Al Qaeda Boss Zawahiri Pledges Allegiance to New Taliban Leader
The announcement comes on the heels of news of Mullah Omar's death in 2013.
The announcement of Taliban leader Mullah Mohammed Omar’s death has set off a power struggle within the group, with some members pointedly refusing to support his successor, Mullah Akhtar Mohammad Mansour. The new Taliban leader scored an important victory Thursday, however, when al Qaeda boss Ayman al-Zawahiri -- one of the most prominent jihadis in the world -- pledged allegiance to the Taliban.
The announcement of Taliban leader Mullah Mohammed Omar’s death has set off a power struggle within the group, with some members pointedly refusing to support his successor, Mullah Akhtar Mohammad Mansour. The new Taliban leader scored an important victory Thursday, however, when al Qaeda boss Ayman al-Zawahiri — one of the most prominent jihadis in the world — pledged allegiance to the Taliban.
In a message distributed on Twitter and translated by the SITE Intelligence Group, which monitors online jihadi statements, Zawahiri eulogized Mullah Omar and pledged both his own and al Qaeda’s loyalty to Mullah Mansour. “We are your soldiers and your supporters and a brigade of your brigades,” Zawahiri said.
Zawahiri’s statement comes as Mullah Mansour has struggled to secure the loyalty of other key players within the hard-line Islamist movement. Earlier this month, the Taliban’s political chief in Qatar resigned in protest over how Mullah Mansour was picked. Mullah Mansour’s selection is considered by analysts to have empowered the Pakistani branch of the Taliban and the Haqqani network, which is considered a terrorist group by the United States. (The Taliban, by contrast, is not formally listed as such.) The political chief, Syed Tayyab Agha, said that Mullah Mansour’s choice was a “great historical mistake” and noted that he had been “appointed outside the country and from the people who are residing outside the country,” a reference to the Pakistani branch’s ascendancy and perhaps its links to the Pakistani government.
Mullah Mansour has also struggled to win support in the broader jihadi community. A joint eulogy of Mullah Omar published by three al Qaeda affiliates — al-Nusra Front in Syria, the Yemen-based al Qaeda in the Arabian Peninsula, and the North African al Qaeda in the Islamic Maghreb — pointedly did not mention Mullah Mansour’s name. It is unclear to what extent the statement of Zawahiri, the leader of what remains of the so-called “core al Qaeda” that was responsible for the 9/11 attacks, signals that Mullah Mansour has secured broad support within the al Qaeda network. Each al Qaeda affiliate has their own leader, and several have clashed with — or entirely ignored — Zawahiri in the past.
The appointment of Mullah Mansour comes as the Taliban has been exploring peace talks with the Afghan government. Those negotiations were recently suspended, and on Thursday Afghan officials arrived in Pakistan to discuss their revival.

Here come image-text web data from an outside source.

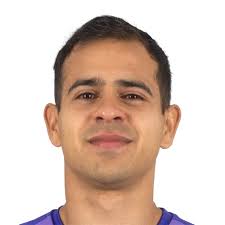 Walter Araujo EA FC 25 Ratings, Prices, and Cards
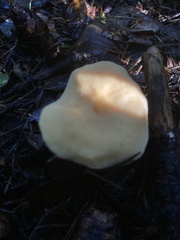 Hydnum oregonense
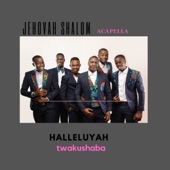 Halleluyah Twakushaba - EP artwork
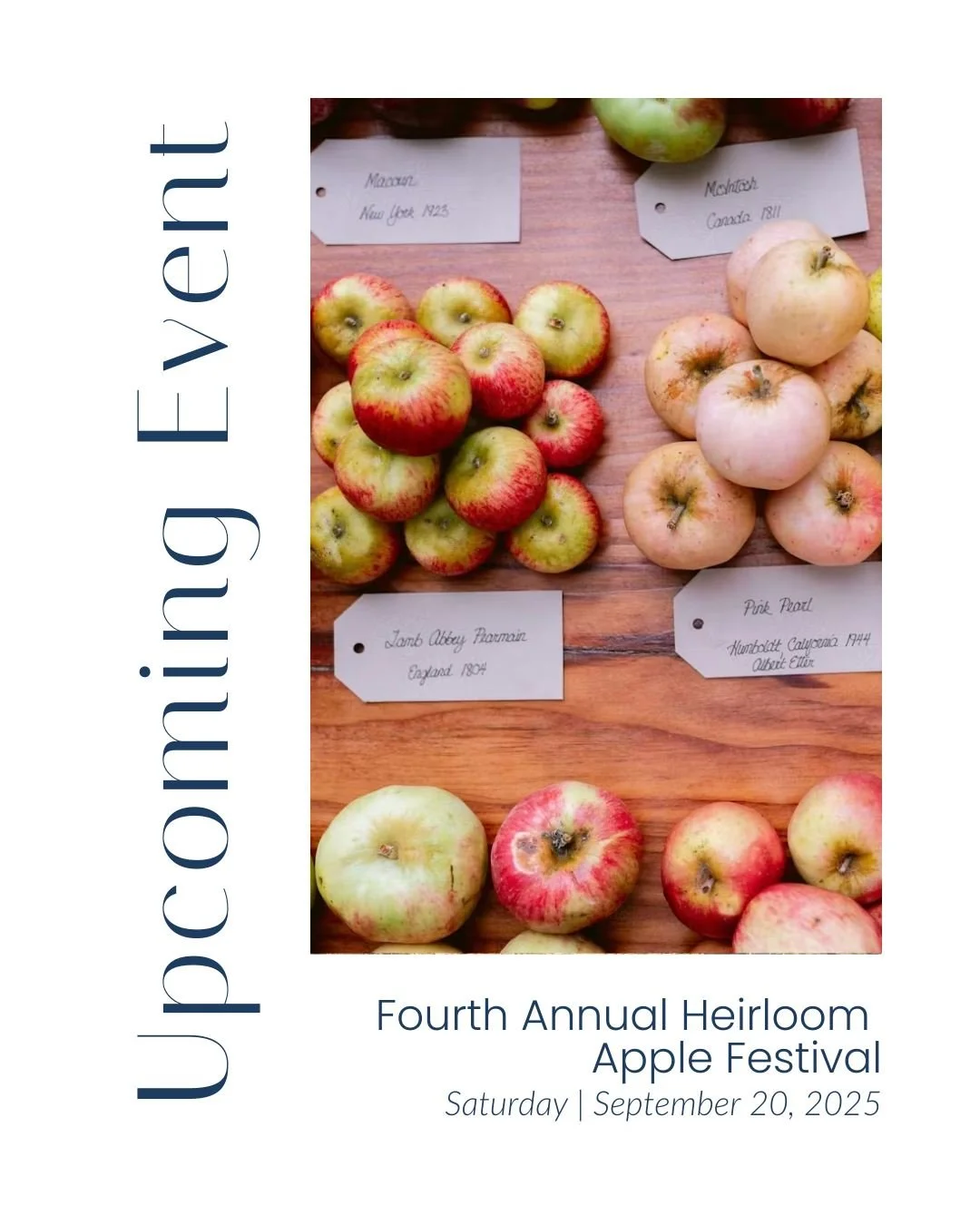 🍎 Fall&rsquo;s Sweetest Tradition Returns in Sebastopol! 🍂
The Fourth Annual Heirloom Apple Festival at Gold Ridge Organic Farms is one of the most charming and delicious ways to welcome autumn in Sonoma County.
🗓️ Saturday, September 20, 2025
🕙 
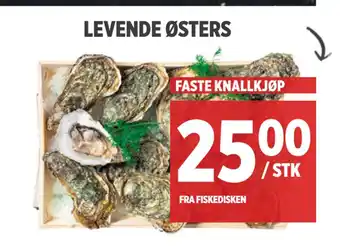 Meny Levende østers tilbud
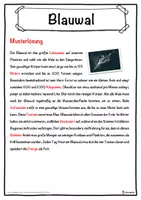 Vorschau - Unterrichtsreihen - Blauwal Lückentext mit Wortspeicher Hörverstehen und Suchsel - Seite 2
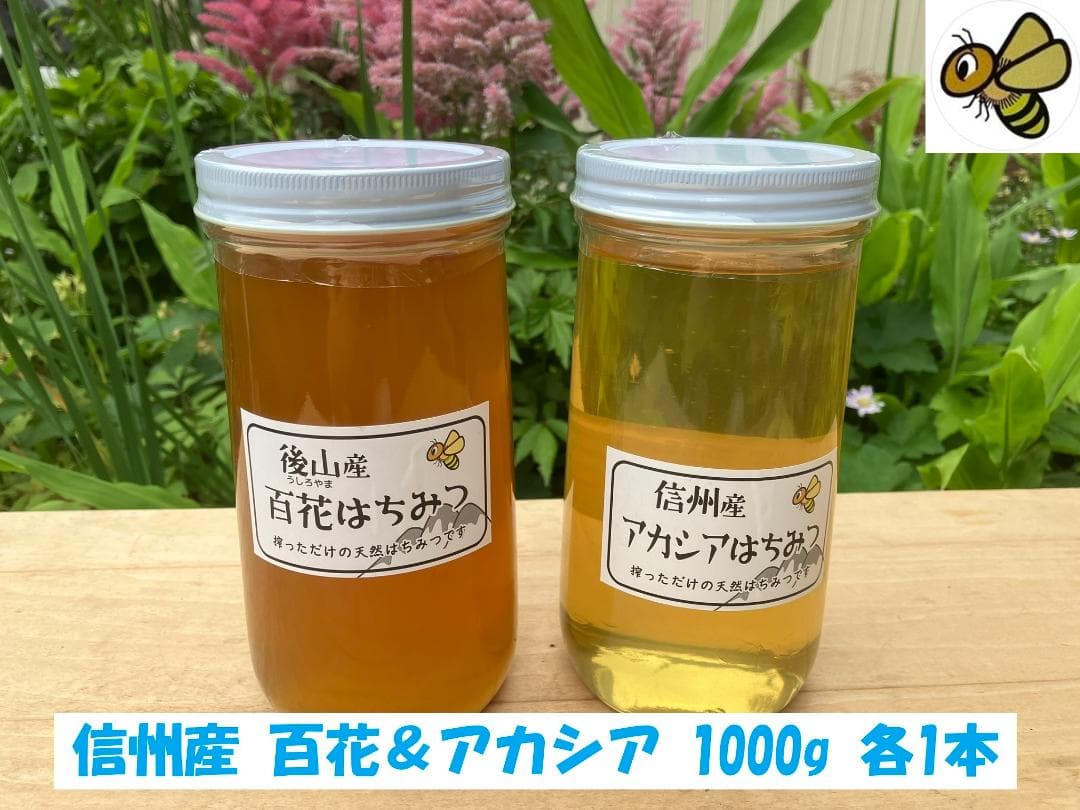 【再】アカシア 百花 1000g 各１本 長野県産 国産蜂蜜 生蜂蜜 西洋蜜蜂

Mullah Mansour is believed to favor such talks, but there are reportedly deep divisions within the movement about whether to seek a negotiated end to the country’s long-running civil war or to continue an insurgency that has been gaining momentum with the gradual withdrawal of U.S. and NATO forces from Afghanistan. According to U.N. figures, civilian casualties sharply increased during the first half of 2015, with more than 1,500 killed.
For that reason, Zawahiri’s statement comes at an interesting moment for jihadi politics. Possible splintering within the Taliban may result in some commanders abandoning the group for the Islamic State, a group with which al Qaeda is in intense competition for the position of top dog within the broader world of Islamist terrorist groups. In his pledge of allegiance to Mullah Mansour, Zawahiri recalled Osama bin Laden’s decision to pledge allegiance to the Taliban and placed his decision to do the same within that context.
“In the world, there was no other legitimate emirate,” Zawahiri said, referring to the Afghan Taliban regime toppled by the United States in the aftermath of 9/11. “So it waged jihad to promote virtue and prohibit vice, and established sharia. The mujahideen and the immigrants felt from it honesty and loyalty, so they pledged allegiance to it. The renewer Imam Osama bin Laden, may Allah have mercy on him, pledged allegiance to it and called upon the Muslims to pledge allegiance to it, and he declared his pledge to it to be a great pledge.”
Another portion of the letter seemed to be a shot across the bow of the Islamic State. “We pledge allegiance to you to establish the Islamic caliphate that rises on the selection of the Muslims and their approval, and spreads justice and consultation, and achieves security, removes injustice, restores rights, and raises the banner of jihad,” Zawahiri wrote. Those first few words are key. Senior Islamic State leaders say they’ve already established an Islamic caliphate in the areas of Iraq and Syria they control. Zawahiri, by contrast, says no such caliphate currently exists — and promises to fight alongside the Taliban as they seek to create one.